US National Parks, USA

Why they’re hot: They’re 100

Comprising over 339,935 sq km, there are 408 areas – including national parks, historical parks, monuments, lakeshores and battlefields – that come under the jurisdiction of the US National Parks Service. It’s a diverse collection, ranging from the high-profile fizz of Yellowstone (the world’s oldest national park, designated 1872) to Alaska’s vast Wrangell-St Elias (the US’ biggest), Thaddeus Kosciuszko National Memorial (the smallest, reopening in April) in Pennsylvania, much of American Samoa and even the White House.

Yellowstone NP (Shutterstock)
Yellowstone NP (Shutterstock)

The US NPS was created by an act signed by President Woodrow Wilson in August 1916, so celebrates its centenary this year. Parks will run a range of events, geared towards inspiring people to have fun in these wild, historic, momentous locations.

Within the general centenary, special mention should go to Haleakala NP (Maui), Hawaii Volcanoes NP (Big Island) and Lassen Volcanic NP (California), which were all designated in 1916. Visitors considering doing a multi-park roadtrip should investigate an annual park pass (US$80) for the best value.


Why it’s hot: Prices are falling, conservation is on the up

No country can boast the same longitudinal variety as skinny Chile – it’s just so streeetched, running from northern desert to icy end-of-the-world Cape Horn. Of course, travellers are cottoning on, and this Latin lovely has seen a surge in popularity of late, bolstered by the recent BBC Patagonia series.

National Park Torres del Paine (Shutterstock)
National Park Torres del Paine (Shutterstock)

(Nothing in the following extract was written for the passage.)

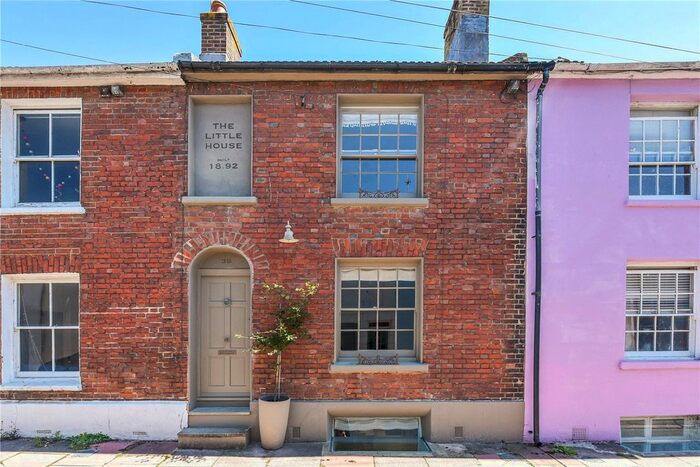 3 Bedroom Terraced House To Rent In Queens Gardens, Brighton, East Sussex, BN1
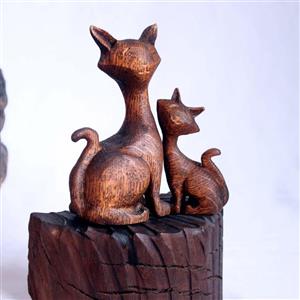 دکوری دست ساز طرح گربه های ملوس از جنس چوب بلوط\t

While it shares this wild region with Argentina, Chile arguably has the more dramatic half, home to trek-friendly Torres del Paine and the wind-whipped Magellan Straits. Chile is also the cheaper option – in mid-2015, its peso plunged to its lowest value since 2003. So that’ll be a second glass of Mendozan carmenère, por favor…

Chile is also making a real commitment to conservation right now. In October 2015, Prime Minister Michelle Bachelet announced that the amount of protected land in the country is set to double. The Rio Clarillo reserve, a swathe of pre-Andean mountains south of Santiago, has been upgraded to a national park, as has Río Olivares in San José de Maipo, while a huge marine park has also been created. This year, Chile is hot.


Why it’s hot: It’s cheap and celestially spectacular

Indonesia has always been great value. But with the rupiah weakening in the past two years, it’s become even more of a bargain. This is especially good news for budget-conscious astronomers: come 9 March, parts of Indonesia will be the best places to see the 2016 total solar eclipse. Top picks include the Maluku islands of Tidore and Ternate, where eclipse totality will last just over three minutes.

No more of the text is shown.